*** Opening Recorded information ***

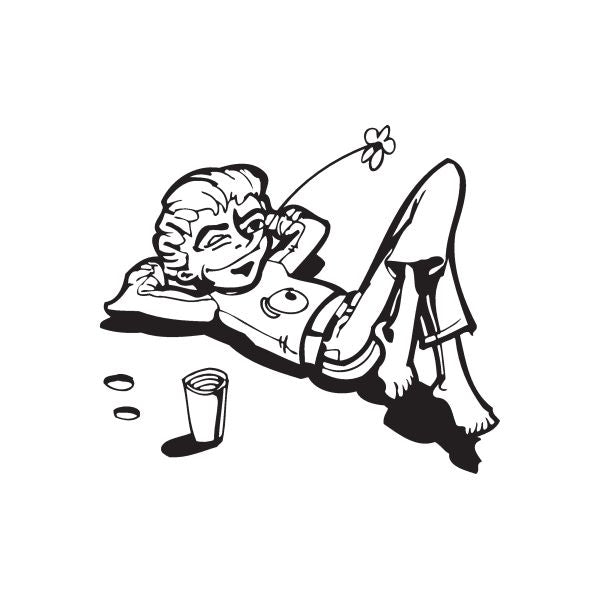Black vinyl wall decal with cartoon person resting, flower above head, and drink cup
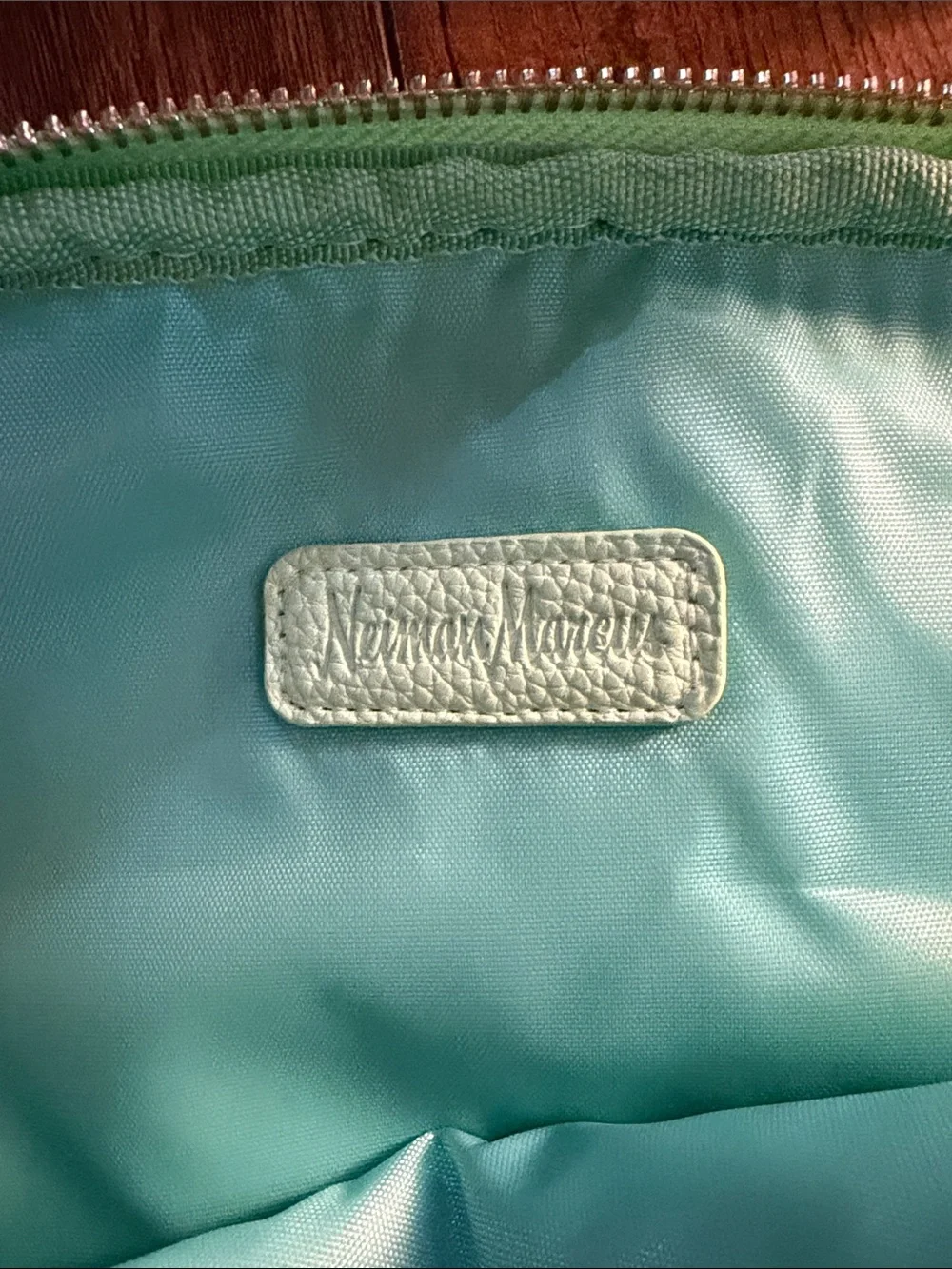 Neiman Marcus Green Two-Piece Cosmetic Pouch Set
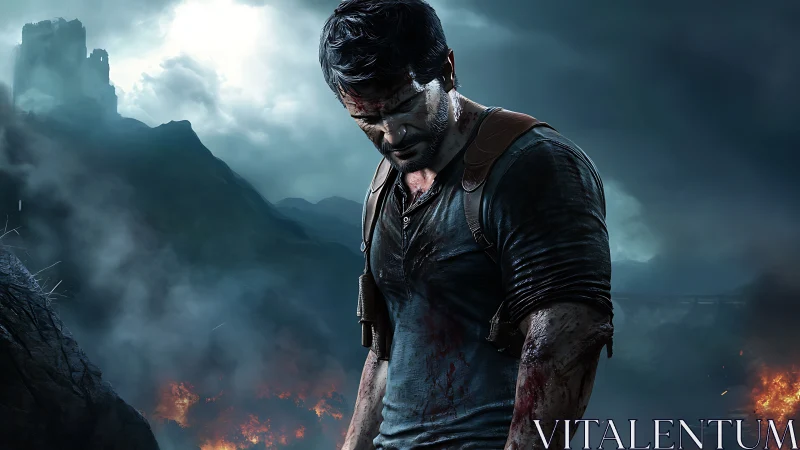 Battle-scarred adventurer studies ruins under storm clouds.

*** Closing Recorded information ***
*** Opening Recorded information ***

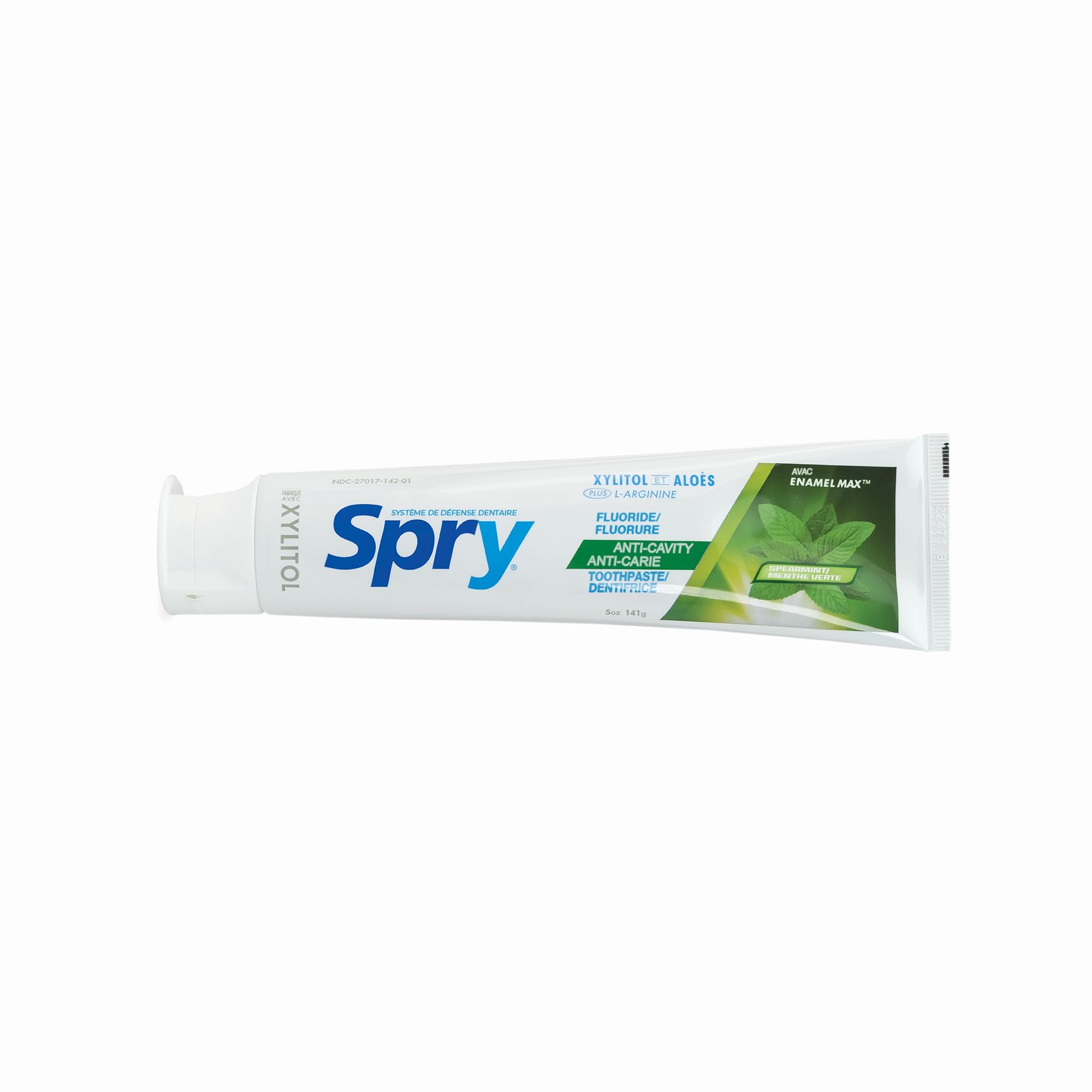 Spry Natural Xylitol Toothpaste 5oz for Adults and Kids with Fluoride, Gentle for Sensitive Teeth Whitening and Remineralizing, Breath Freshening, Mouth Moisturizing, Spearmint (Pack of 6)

*** Closing Recorded information ***

Problem statement: With pictures omitted, repeat the entries above word for word from the line holding "Black vinyl wall" down to the line holding "Battle-scarred adventurer studies", keeping both of those lines.

Response to the exercise:
Black vinyl wall decal with cartoon person resting, flower above head, and drink cup
 Neiman Marcus Green Two-Piece Cosmetic Pouch Set
 Battle-scarred adventurer studies ruins under storm clouds.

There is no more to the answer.